> [Task requirements]:
Beginning at the line that holds "Sticker Grafisch vrouwengezicht", repeat every line through the last line of the material, exactly, and drop any pictures.
*** Material for this exercise ***
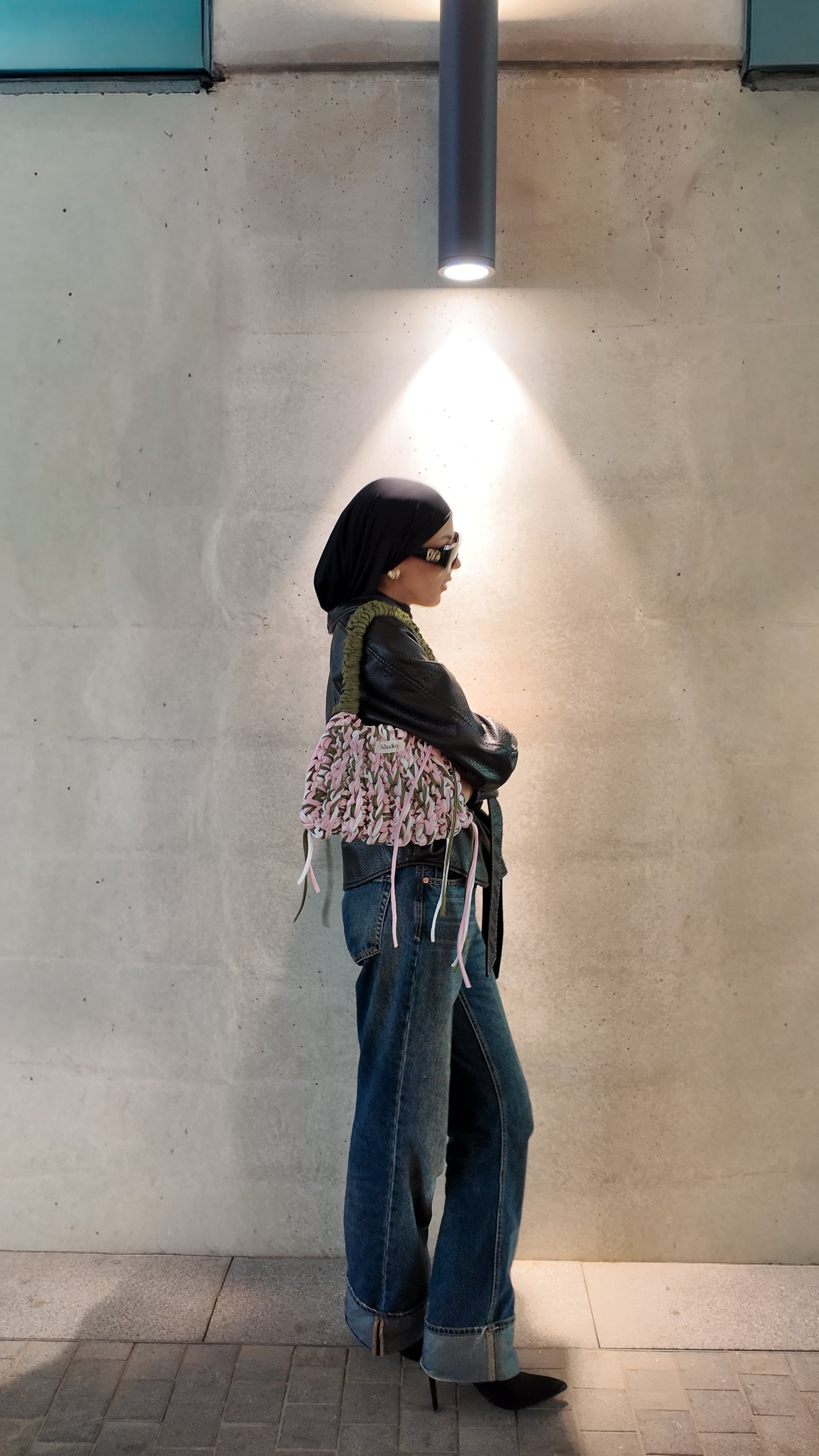 ISRA BAG — PINK & GREEN (LARGE) LIMITED EDITION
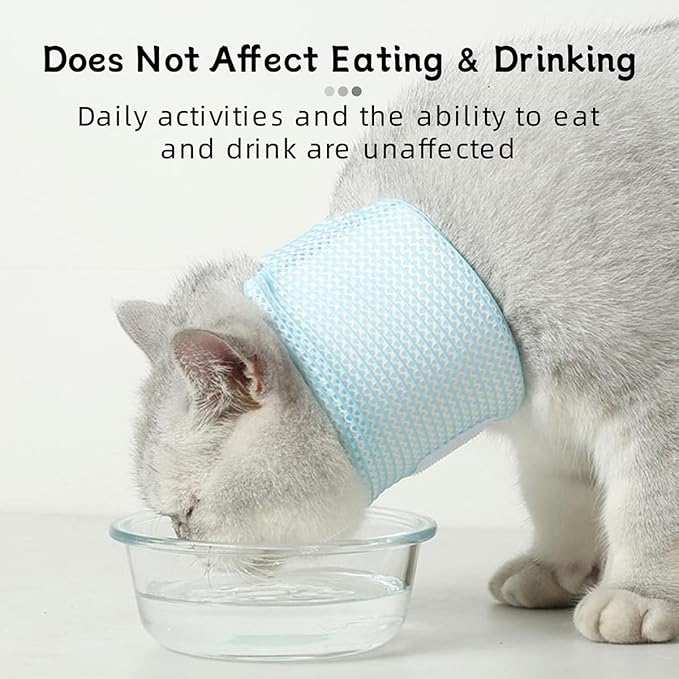 Cat Neck Brace Cover - Breathable & Adjustable Elizabethan Collar for Post-Surgery Recovery Anti-Scratch Anti-Lick Protection, Cervical Cone for Small Medium Large Dogs Puppies Kittens (X-Small,Blue)
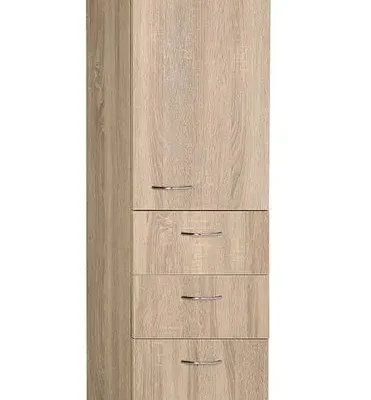 Aqualine Keramia Fresh - augstais skapītis ZOJA ar veļas grozu, 35x184x29 cm, platīna ozols 51232
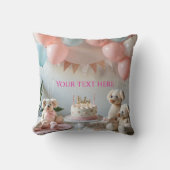 Personalized Baby Shower Pillow - Sweet Teddy Bear クッション (正面)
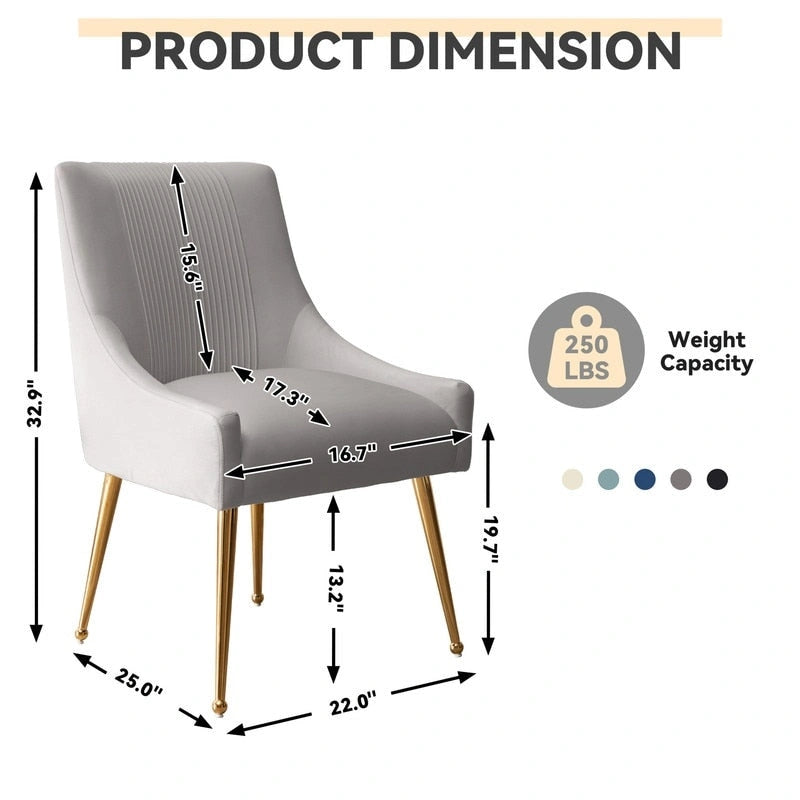 Chaise de salle à manger ou de coiffeuse en velours plissé bouclé style glamour moderne (lot de 2) avec poignée arrière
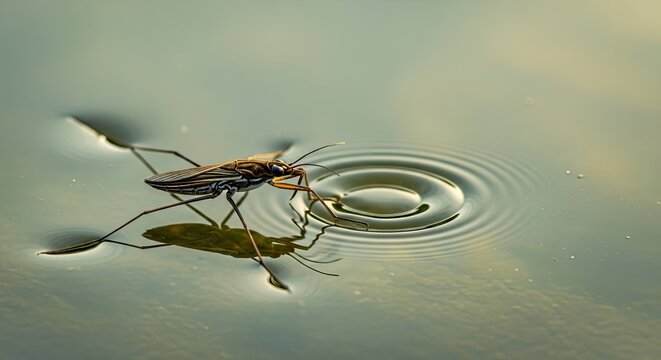 A detailed shot captures a water strider insect on a calm water surface, creating concentric ripples. - Powered by Adobe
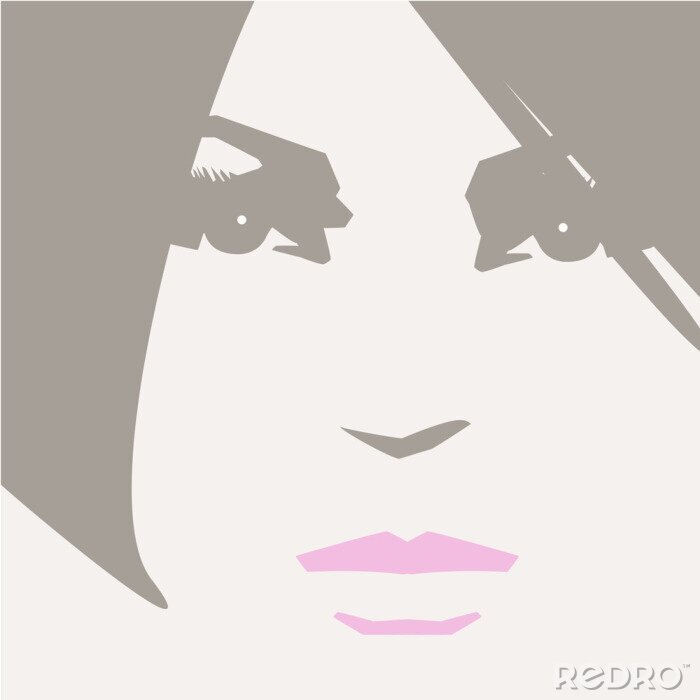 Sticker Grafisch vrouwengezicht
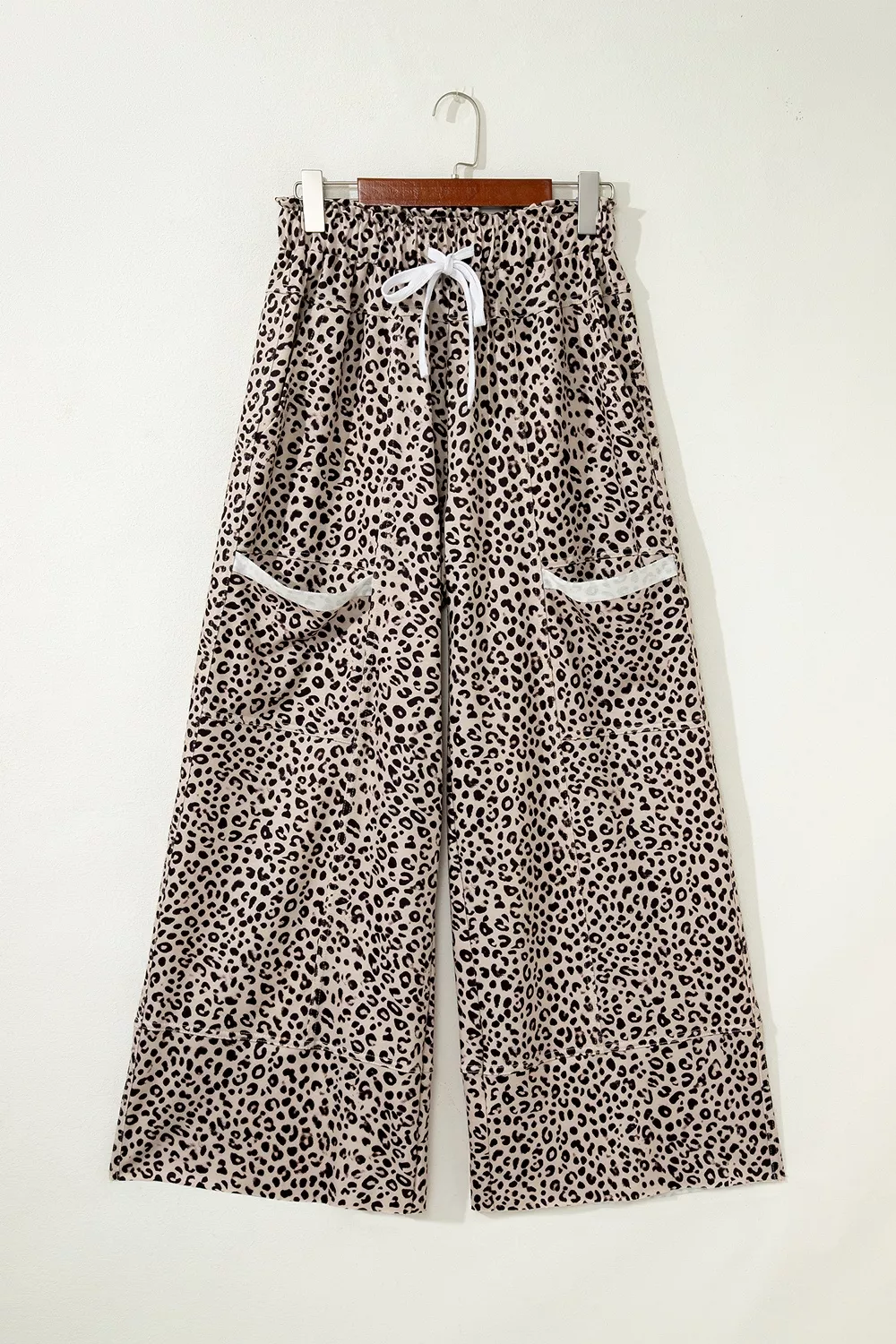 Leopard Print Wide-Leg Pants with Drawstring, image 7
*** End of Material for this exercise ***
> [Answer]:
 Sticker Grafisch vrouwengezicht
 Leopard Print Wide-Leg Pants with Drawstring, image 7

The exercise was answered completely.